A lot of Above the Law reminds me of the general feel of the mid-to-late eighties Chicago, a place I just barely knew. All of the cars had those blue and white license plates, and in the background of the chase scenes, you could see the Jewel stores and gritty-looking car repair places, with red brick walls that were turned black from years of soot and pollution. The L-Train ran overhead, making that distinctive sound and looking like nothing we’d ever see back in Elkhart. All of the backgrounds in that movie of the neighborhood remind me so much of what I saw in the back of the station wagon, looking out at this giant city, where every square block housed more people than my entire high school. Watching five minutes of that film reminds me so much of that brief moment in time that it always amazes me.
The one big regret that I have about my grandparents’ old neighborhood was that I never really tried to explore outside of the close domain of their place. My mom was 100% convinced that there were rapists with full-auto machine guns every hundred feet, and if we left the fenced confines of their back yard, we’d be on the back of a milk carton or worse. Now, I don’t think as a four-year-old I should have wandered far, but when I was 14, maybe I could have walked around the block, or down to Wicker Park, or to Osco’s to get a Coke or something. In retrospect, the place was probably as safe as the streets I walk today in New York. I really would like to have more memories of the area around there. I don’t want to live there, and a vacation in Chigago is not high on my list of things to do with limited time and money.

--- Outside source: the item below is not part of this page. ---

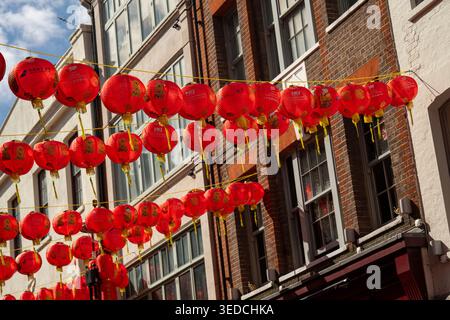 Lanternes chinoises rouges traditionnelles suspendues au-dessus de Gerrard Street à Chinatown, Soho, Londres, Royaume-Uni Banque D'Images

But it’s something that interests me in some weird way.
That area is now called Bucktown, and it’s a trendy little place to be, if you’ve got the goatee and the money. The Ludwig factory got broken up into single-serve condos, and the mom-and-pop bodegas and corner bars are probably all cloned Starbucks storefronts. The neighborhood’s probably all filled with hipster doofuses, listening to Coldplay on their iPods and reading J.T. Leroy books. After my grandpa died in 1995, they sold off his building for some obscene amount of money. Looking at the place on Google Maps, I see that they’ve torn out the garden and swingset next to the building and made it into parking spots, which really pisses me off. I’ve always wanted to go back and see the place again, but I’m guessing all of the wood pocket doors and elaborate cabinetwork got kicked to the curb and replaced with Pottery Barn.
I still haven’t watched Above the Law all the way through. But one time my mom rented it, and we found a part in the church where my grandparents were extras. (They probably went because there was a free lunch or something; my grandfather could not pass up anything like that.) You can see them for a split-second on-screen, which is awesome. How many of you can say your grandparents were in a Steven Seagall flick?
Bonus: Coincidentally, Larry Falli now lives about 20 blocks south and four blocks west of where they used to live.